- **TASK TO COMPLETE**: A verbatim restatement of the data, free of pictures, is what you should output.

- **GIVEN INFORMATION**:
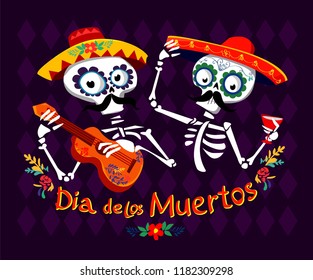 Day the dead Postcard vector illustration  Mexican Dia de los Muertos  
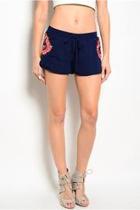  Navy Embroidered Shorts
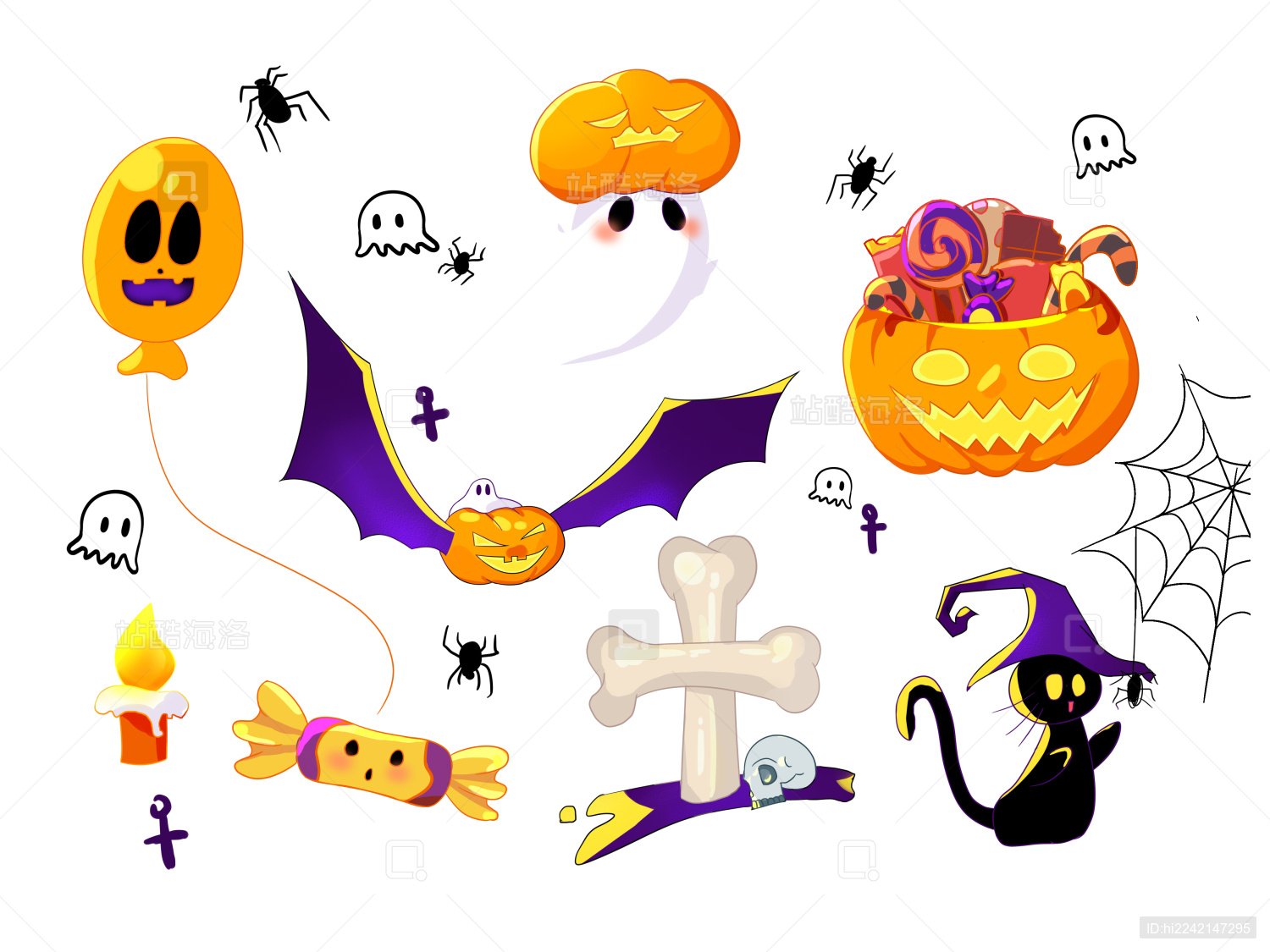 可爱万圣节幽灵南瓜蝙蝠糖果墓地蜡烛黑猫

- **ANSWER TO THIS EXERCISE**:
 Day the dead Postcard vector illustration  Mexican Dia de los Muertos  
  Navy Embroidered Shorts
 可爱万圣节幽灵南瓜蝙蝠糖果墓地蜡烛黑猫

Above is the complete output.